Exercise data:

◆ ◆ ◆

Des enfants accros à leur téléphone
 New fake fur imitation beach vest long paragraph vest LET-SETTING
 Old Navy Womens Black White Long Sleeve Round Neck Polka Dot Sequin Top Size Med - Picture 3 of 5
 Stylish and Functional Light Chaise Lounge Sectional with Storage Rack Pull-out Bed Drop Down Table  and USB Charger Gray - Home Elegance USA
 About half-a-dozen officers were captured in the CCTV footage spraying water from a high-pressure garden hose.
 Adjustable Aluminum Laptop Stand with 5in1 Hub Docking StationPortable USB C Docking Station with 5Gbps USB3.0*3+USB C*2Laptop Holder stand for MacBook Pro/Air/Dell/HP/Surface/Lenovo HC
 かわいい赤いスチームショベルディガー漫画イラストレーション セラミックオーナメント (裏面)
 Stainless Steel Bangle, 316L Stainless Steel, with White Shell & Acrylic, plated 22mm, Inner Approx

◆ ◆ ◆

Exercise requirements:
Taking every line of the records above into account, tally those that contain "White" and give only the total.

Answer area:
2